Dancing To God’s Flute Tune (Part 3)
A very significant aspect of a life in which you begin your day with the words of God, the flute of knowledge, is the close bonding with a knowledgeful Father, the Supreme Soul and not only the Father as an ocean of peace, love and joy, the experience of which is an inclusive aspect of meditation. Whereas meditation will fill the soul with virtues and powers, the flute of knowledge or gyan murli fulfills the desire of the soul for spiritual wisdom, which it has carried with it in every birth in the latter part of the world drama, since it came under the influence of spiritual ignorance. Also, as shown in the Mahabharat, another scripture in which the incorporeal point of light has been depicted mistakenly in the form of a physical Krishna; the ones with whom God remained as a companion, the 5 Pandavs i.e. who were few as compared to the 100 Kauravs; but became victorious because they received the knowledge that God possessed. This knowledge has also been shown in the form of weapons like the swadarshan chakra, which is a symbol of the knowledge of the self and its complete role in the world drama and also as arrows which destroyed the weaknesses inside the soul.

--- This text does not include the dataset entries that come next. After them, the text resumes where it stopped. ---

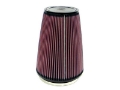 Picture of K&N Filter Universal Rubber Filter 6 inch Flange 7-5 inch Base 5 inch Top 10 inch Height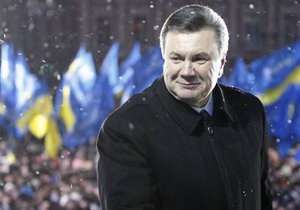 DW: Немецкий бизнесмен подает в суд на Януковича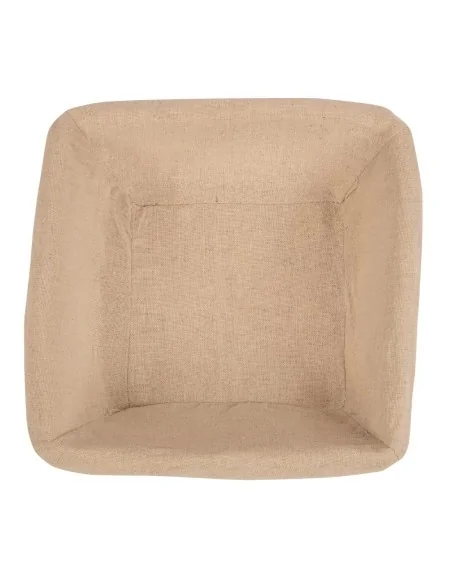 Panier en osier Olympia carré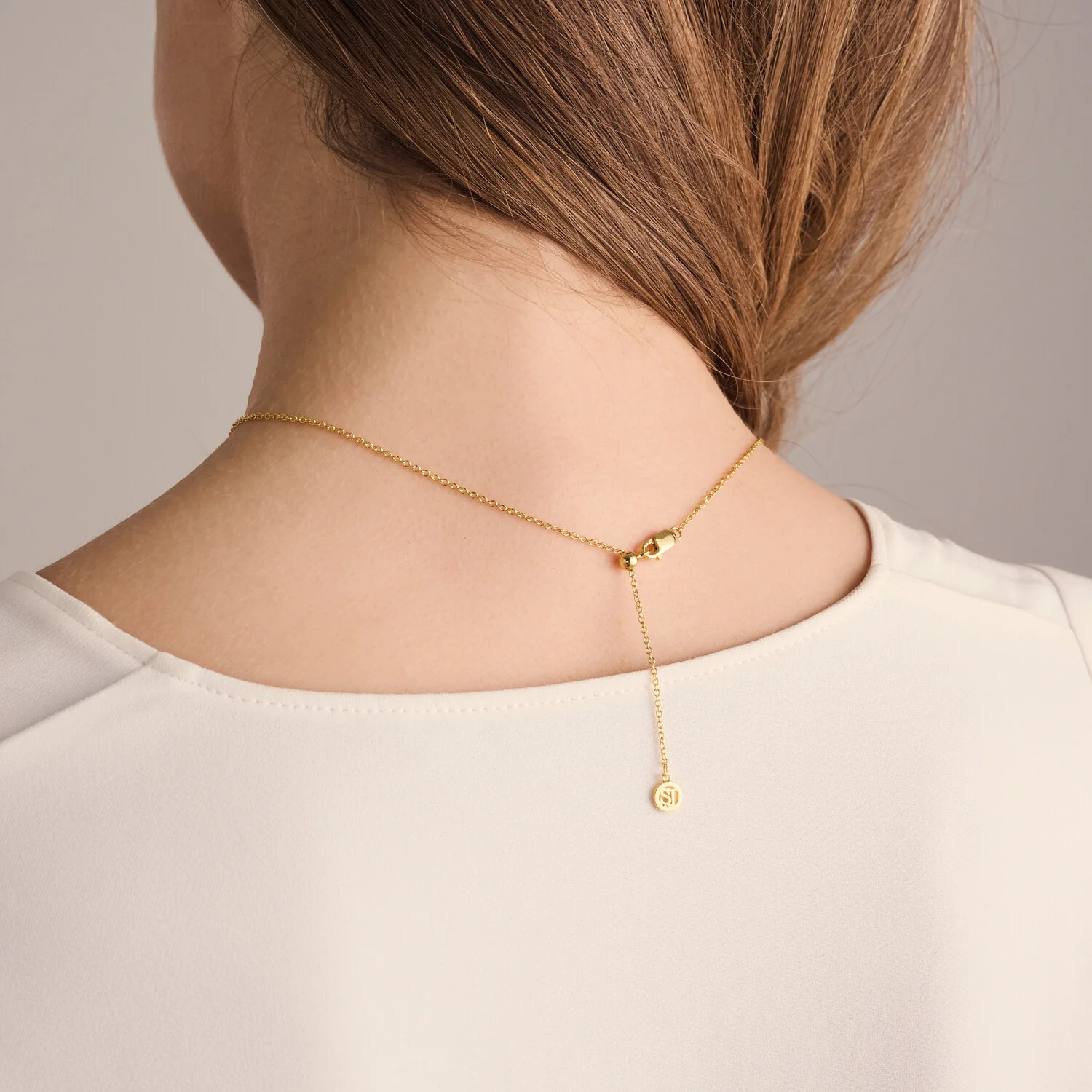 Necklace Ellera Ovale Piccolo - Image 4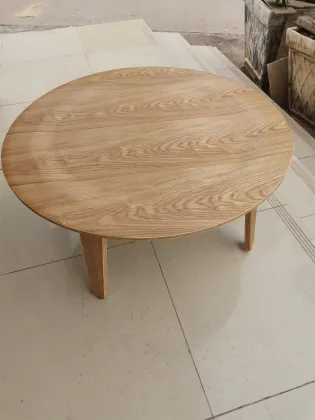 Eames Molded Plywood Coffee Table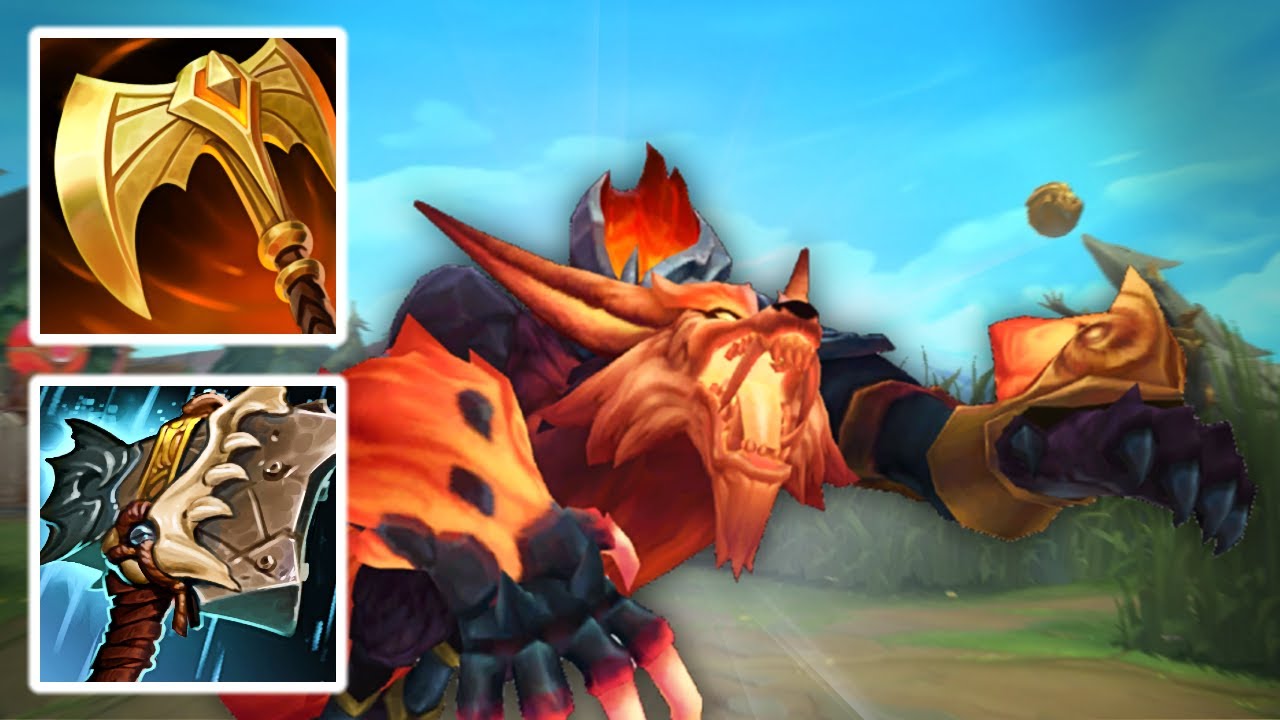 This is Warwick's BEST setup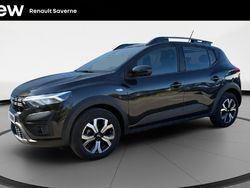 Noir Utilisé 2024 Dacia Sandero Expression Citadine | 15 799 € (Prix juste)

The above depiction in the Mahabharat and the other depictions of Krishna in the Gita and Bhagavatare symbolic in nature and not historic or factual, which represent events which happened when the Supreme being of light, God came down on the planet Earth to take his children, the human souls, back to the soul world (the home of all souls), which exists beyond the physical world of 5 elements, from where the souls come down in the world during each repetition of the world drama. Whereas the Mahabharat represents the war between virtues and weaknesses and God as a source of support to help us fight the war, the Gita throws light on the versions of knowledge received from God by us and the Bhagavat explains the various personality traits of God as an innocent, playful entity and his relationship with us, his soul-beloveds or gopis. All three scriptures are a remembrance of the present time when God, the non-physical spiritual Father, is with us.